Material shown section start

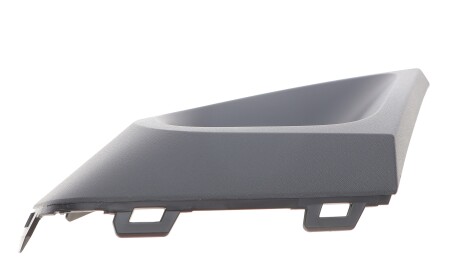 Фото 3 - Автозапчастина RENAULT 261A27239R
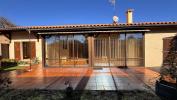 Vente Maison Ares 5 pieces 160 m2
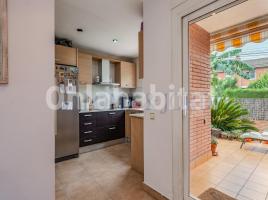 Casa (unifamiliar adosada), 161 m², Calle Les agudes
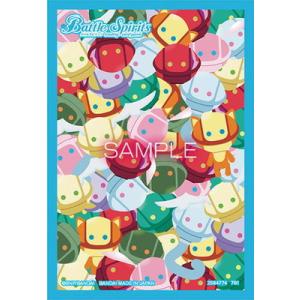 新品即納』{TCG} (カートン) バトルスピリッツ アニメブースター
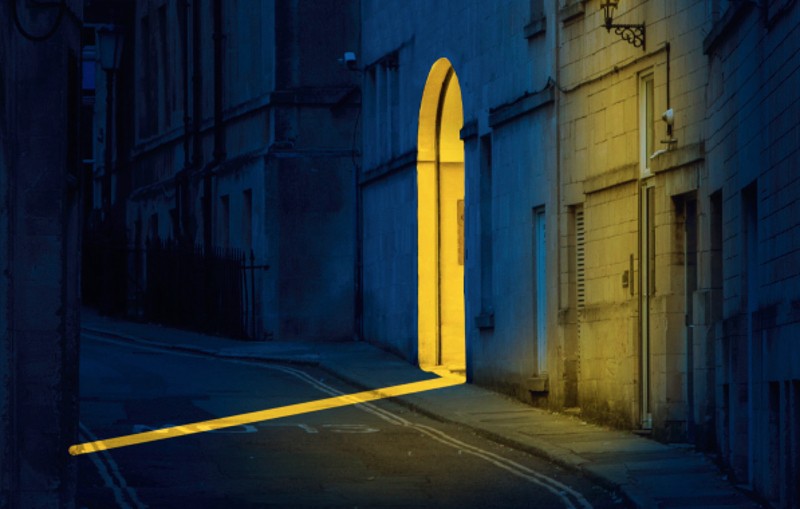 1568861936739914.jpg 83669225.jpg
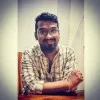 Malepati Bhanu Prakash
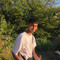 fares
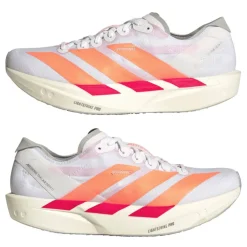 Women's Takumi Adizero Fast Neutral Road Running Shoes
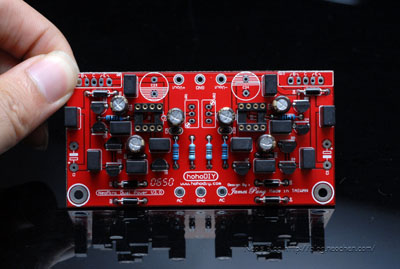 NeoMinipԴ׼V3.0bC(ʺ5V~35V ǰ/U/DAC)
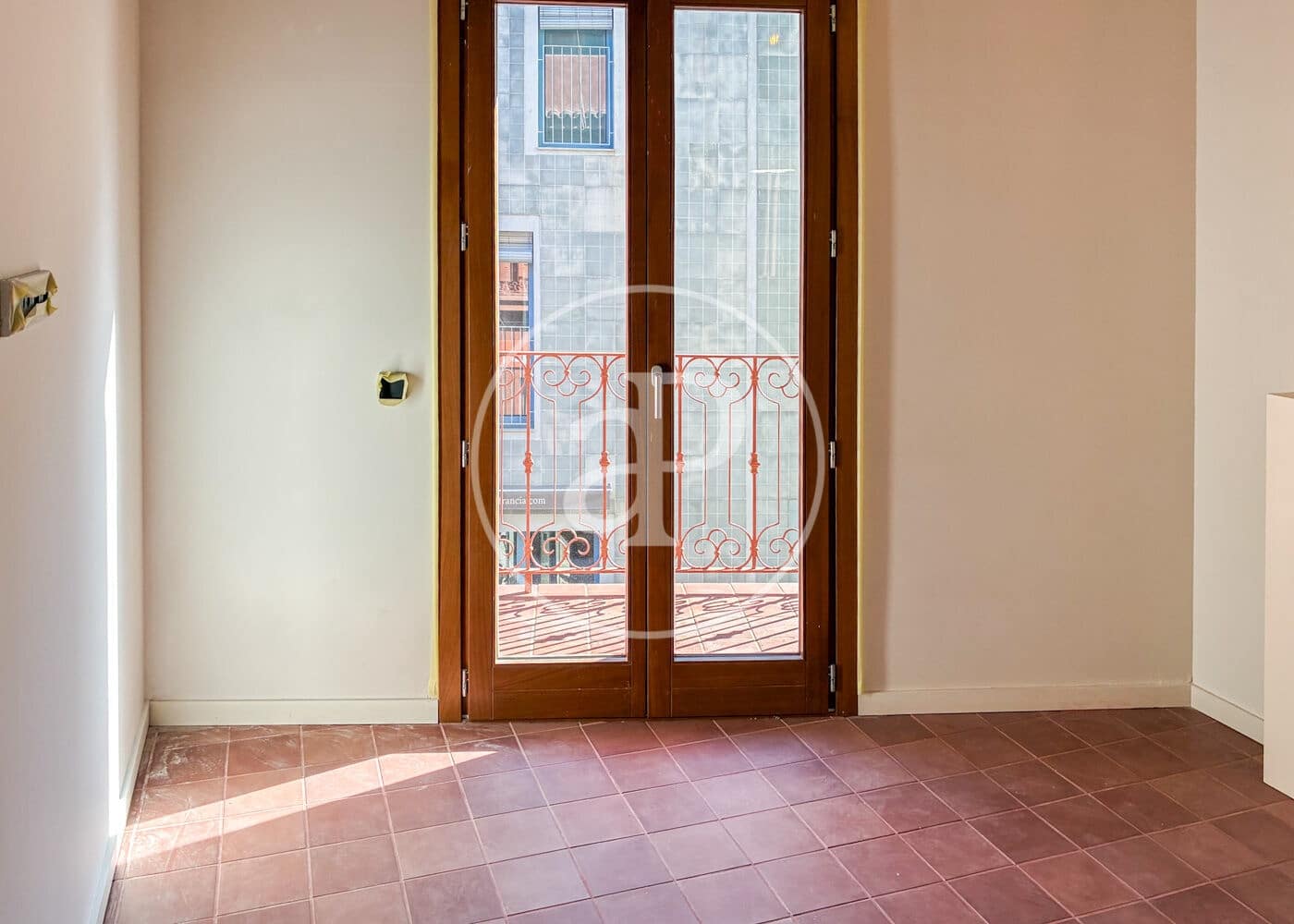 2 makuuhuone Huoneisto vuokrattavana paikassa Palma de Mallorca mukana uima-altaan - 2 000 € (Ref: 9525666)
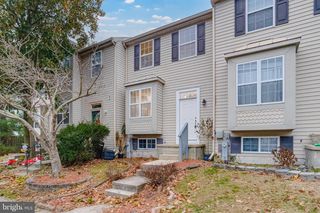 4211 CHAPELGATE PL, Belcamp, MD 21017
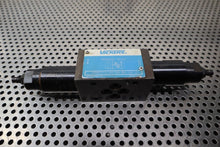 Load image into Gallery viewer, Vickers DGMC2-3-AB-GW-BA-GW-41 Pressure Relief Valve Used With Warranty
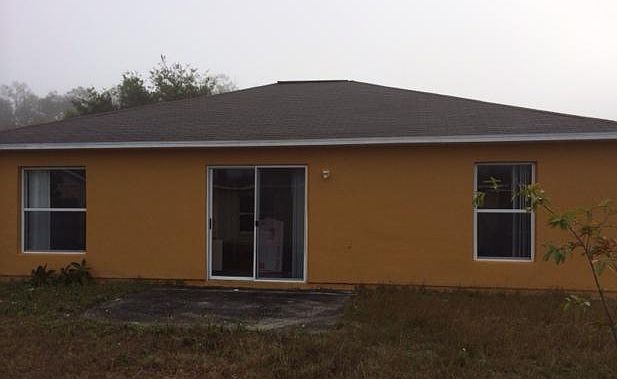 2nd image of 263 Oak Run Ct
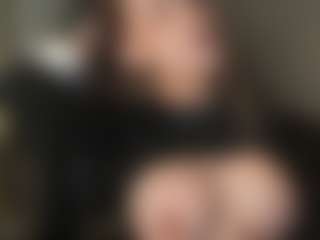 solarkate's Live Sex Cam Show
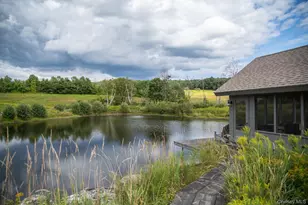 314 Schoolhouse Rd, Ghent, NY 12017 - Photo 27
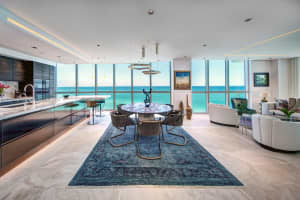 3801 Collins Ave #1606, Miami Beach, FL 33140, Sold 04/26/22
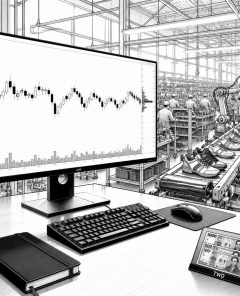 ai-feng-tay-stock-taiwan-oem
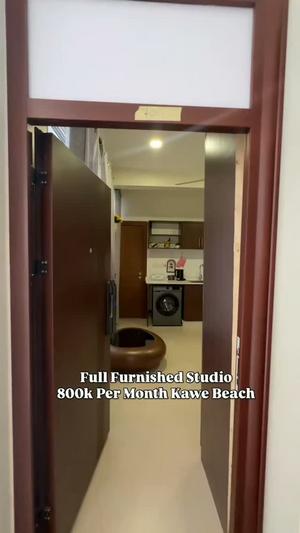 House for Rent in Kawe Beach, Dar Es Salaam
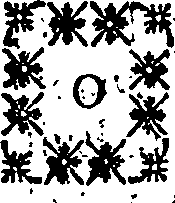 047/047970020004560_0.png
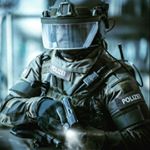 Profile Picture of andré_-gauthier (@andre__gauthier) on Instagram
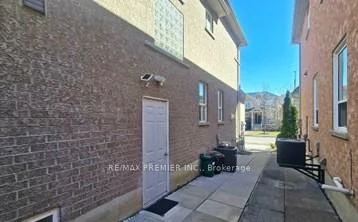 54, Rosario, Vellore Village, Vaughan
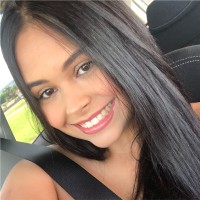 Heloise Andrade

Material shown section end

Give back each line above exactly, with pictures dropped.

 Фото 3 - Автозапчастина RENAULT 261A27239R
 Vente Maison Ares 5 pieces 160 m2
 Casa (unifamiliar adosada), 161 m², Calle Les agudes
 新品即納』{TCG} (カートン) バトルスピリッツ アニメブースター
 1568861936739914.jpg 83669225.jpg
 Malepati Bhanu Prakash
 fares
 Women's Takumi Adizero Fast Neutral Road Running Shoes
 NeoMinipԴ׼V3.0bC(ʺ5V~35V ǰ/U/DAC)
 2 makuuhuone Huoneisto vuokrattavana paikassa Palma de Mallorca mukana uima-altaan - 2 000 € (Ref: 9525666)
 4211 CHAPELGATE PL, Belcamp, MD 21017
 Load image into Gallery viewer, Vickers DGMC2-3-AB-GW-BA-GW-41 Pressure Relief Valve Used With Warranty
 2nd image of 263 Oak Run Ct
 solarkate's Live Sex Cam Show
 314 Schoolhouse Rd, Ghent, NY 12017 - Photo 27
 3801 Collins Ave #1606, Miami Beach, FL 33140, Sold 04/26/22
 ai-feng-tay-stock-taiwan-oem
 House for Rent in Kawe Beach, Dar Es Salaam
 047/047970020004560_0.png
 Profile Picture of andré_-gauthier (@andre__gauthier) on Instagram
 54, Rosario, Vellore Village, Vaughan
 Heloise Andrade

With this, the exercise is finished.